Today I painted the shadows and background gradients on the other two Mineola paintings. I’m getting better at the gradients and am finding that it is easier to blend as I go, versus waiting until after I have painted all of the steps.
Saw this interesting palette while visiting Norman Lundin’s studio. Norman is a fascinating guy who has been making art and teaching artists since before I was born. During the visit, we had this wonderful, wide-ranging conversation which I’d love to recount, but I couldn’t possibly do it justice in a blog post.
Suffice it to say, that Norman is as interesting as his palette. I highly recommend dropping by his gallery, Prographica.
What do you do if you start painting and part way through find that your subject matter doesn’t fit your canvas? You can always start over, but this can be discouraging. Another option, if you are painting on panel, is to extend the panel by bolting on another section.
One of my classmates had exactly this problem and Gary thought it would be a teachable moment, so I volunteered to help make and attach a custom cradled panel section.
Making the miter cuts for the corners of the frame.
Clamps hold the frame true and flat as the glue dries.

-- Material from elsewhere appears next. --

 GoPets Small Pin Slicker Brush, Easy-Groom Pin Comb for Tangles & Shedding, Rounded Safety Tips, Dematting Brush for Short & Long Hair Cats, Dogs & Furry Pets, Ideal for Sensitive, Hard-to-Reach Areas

I used Gorilla Glue and made sure to drill and countersink the mounting screws before assembly.
Here’s a view of the back side of the finished frame. The new section is visible on the left side. I was happy that I was able to get a good strong joint that yielded a rigid and almost seamless painting surface.

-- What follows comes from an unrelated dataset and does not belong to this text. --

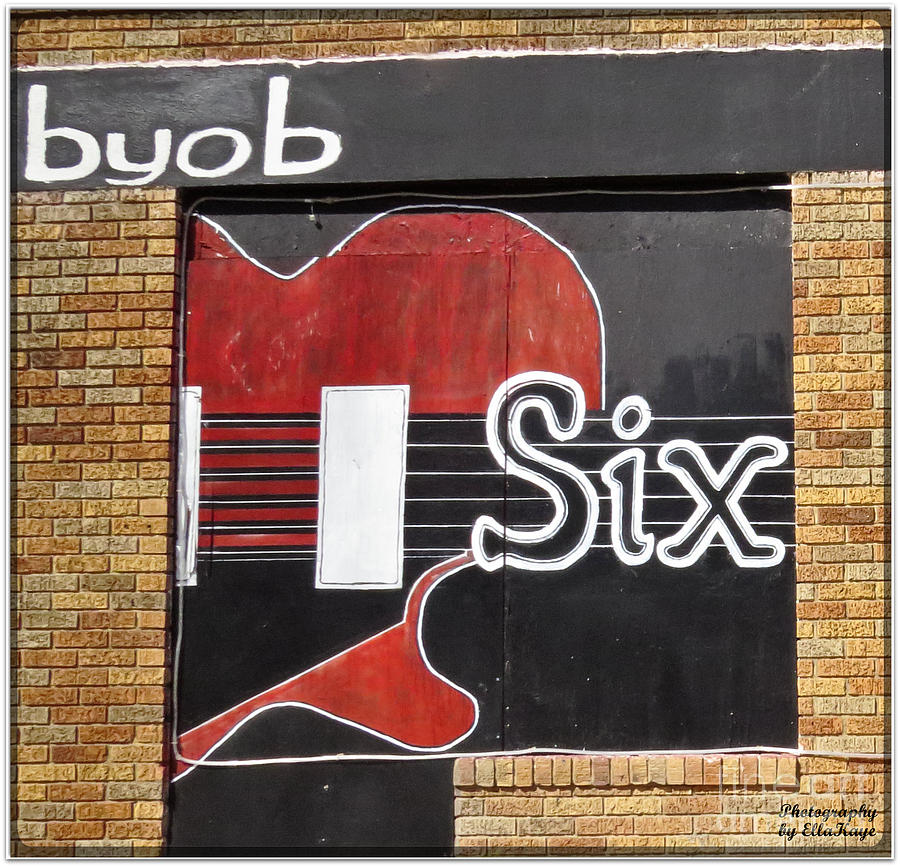 BYOB - Guitar Six Strings Bar Sign Photograph by Ella Kaye Dickey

Here’s the finished frame, awaiting paint. The crack on the front is very small and will hopefully disappear as layers of paint are applied.
Today I blocked in the last of the four paintings and then started on the shadows and background gradient for the largest painting, which is 10″ x 20″. The large size and late hour conspired to keep me from working on the other three paintings. My hope is that in the next session, I will be able to do the shadows and backgrounds on the other three.
This may seem crazy, but in the spirit of quantity over perfection, I am starting four new paintings. I’ve found that I’m pretty good at coming up with designs, waiting for my paint to thaw, mixing the colors I need, and washing brushes. The area where I need practice is paint handling – the myriad ways of applying paint to canvas – from smooth gradients to thick palette knife impasto, to soft edges. The way I figure it, if I work on multiple paintings simultaneously, I can amortize the design, thawing, mixing, and cleanup over more hours of paint application. That’s the theory anyway.
Originally, I was going to try three paintings based on two tableau, but I added in a fourth, 8″ x 8″ painting for the Maple Valley Creative Arts Council’s Ten-Twenty-Forty fundraiser.
After painting in the reflections on the table top, the pears are almost finished. All I need to do is paint the stems.